RAInews del 27 marzo riporta la notizia che gli archeologi dell’Università di Gottinga hanno individuato in Grecia, nell’antico villaggio di Thorikos vicino alla città di Lavrio a sud di Atene i resti di quella che sembrerebbe essere la più antica casa greca conosciuta dell’Età del Ferro. Si sarebbe trattato di un’abitazione molto grande, composta da cinque o sei stanze e un cortile pavimentato, risalente a un periodo fra il 950 e l’825 avanti Cristo. La zona di Lavrio pare fosse economicamente importante perché vi si trova una miniera d’argento.

Anche questa volta, prima di congedare questo articolo, non mancherò di dirvi due parole conclusive e riassuntive. Già altre volte mi è capitato di paragonare questo lavoro alla ricerca di funghi, a volte si può essere fortunati, altre volte meno, e stavolta sembra una di quelle in cui la ricerca sembra essere meno fruttuosa.

Cosa c’è di rilevante dal nostro punto di vista in ciò che la seconda metà di marzo ci ha riservato? Non molto, pare, ma qualcosa si.

Innanzi tutto, vediamo una volta di più che quando si parla di antichità, si parla soprattutto di civiltà classica. La grecità in particolare, sia per quanto riguarda la mitologia, sia le conquiste del pensiero, ma ancora di più il mondo romano. Abbiamo visto l’area vesuviana, sia per quanto riguarda la decifrazione dei papiri ercolanesi, sia per gli scavi e le scoperte che tuttora proseguono nell’area di Pompei.

Ma forse più importante e significativo, è quando le tracce della romanità emergono dall’estero, come nel caso della ricostruzione dell’elmo di Hallaton di cui ci ha parlato “Ancient Origins”, esse ci testimoniano che la centralità che attribuiamo al mondo romano non è il frutto di uno snobismo nazionalistico, che del resto in Italia esiste molto poco o per nulla.

Anche stavolta vediamo che se ci spostiamo dall’antichità al medioevo, che una centralità in qualche modo simile a quella che nell’età antica ha caratterizzato il mondo romano, si può attribuire ai Vichinghi, e in effetti non è difficile sentire in qualche modo vicini a noi questi ardimentosi esploratori, pirati e guerrieri dell’Età di Mezzo.

Quel che è mancato questa volta, è qualche tuffo nella preistoria profonda, e, ad essere sinceri, non vedo l’ora che l’occasione si ripresenti, perché qui letteralmente ogni nuova scoperta sbugiarda la teoria farlocca dell’Out of Africa, costruita e imposta per i motivi politici che sappiamo.

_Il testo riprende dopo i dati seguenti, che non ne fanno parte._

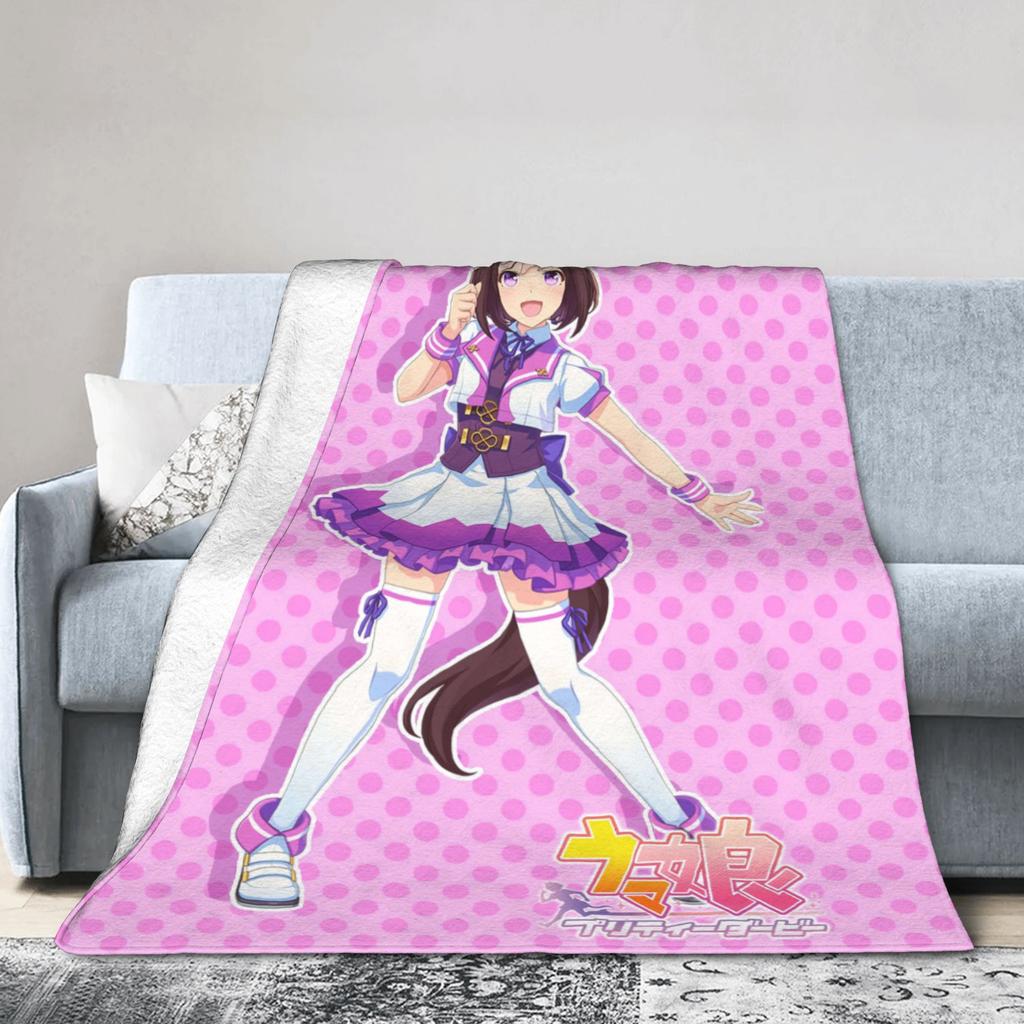 Nakayama Festa UmaMusume Pretty Derby Blankets Quality Soft Warm Throw Blanket Winter Girls Boys Home Decor Print Bedspread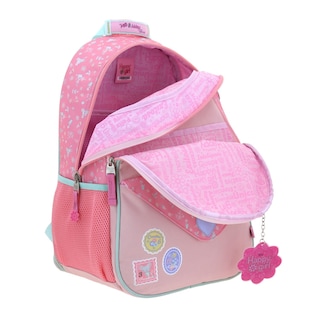 Foto 7 | Mochila Rosa Con Parches Y Corazón Happy Girl Uli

Va a finire che stavolta il punto politicamente più rilevante sono proprio le considerazioni che vi ho esposto circa la ricorrenza del 17 marzo. Ho usato un linguaggio senza peli sulla lingua, lo so, ma spesso quella che molti chiamano durezza è semplicemente sincerità.

Con questo articolo, chiudiamo finalmente il mese di marzo, ma la mia tabella di marcia mi avverte che non potrà comparire sulle pagine di “Ereticamente” prima di metà maggio. La “forbice” fra gli eventi di cui vi parlo e il momento della comparsa sulle nostre pagine elettroniche, che ero riuscito a comprimere dedicando quasi per intero il 2023 a L’eredità degli antenati, è tornata ad allargarsi, è purtroppo una conseguenza inevitabile dell’aver preso ad alternare questa rubrica con articoli di altro tipo, per non rendere troppo monocorde il mio lavoro. Se sarà necessario, tornerò, almeno per qualche tempo a concentrarmi soprattutto su quest’ultima.

Di una cosa siate certi. In ogni caso, vedrò di fare il meglio possibile.

NOTA: Nell’illustrazione, da “Ancient Origins”, ricostruzione dell’elmo di Hallaton. Nell’angolo superiore destro il reperto originale, che inizialmente era stato scambiato per un secchio arrugginito.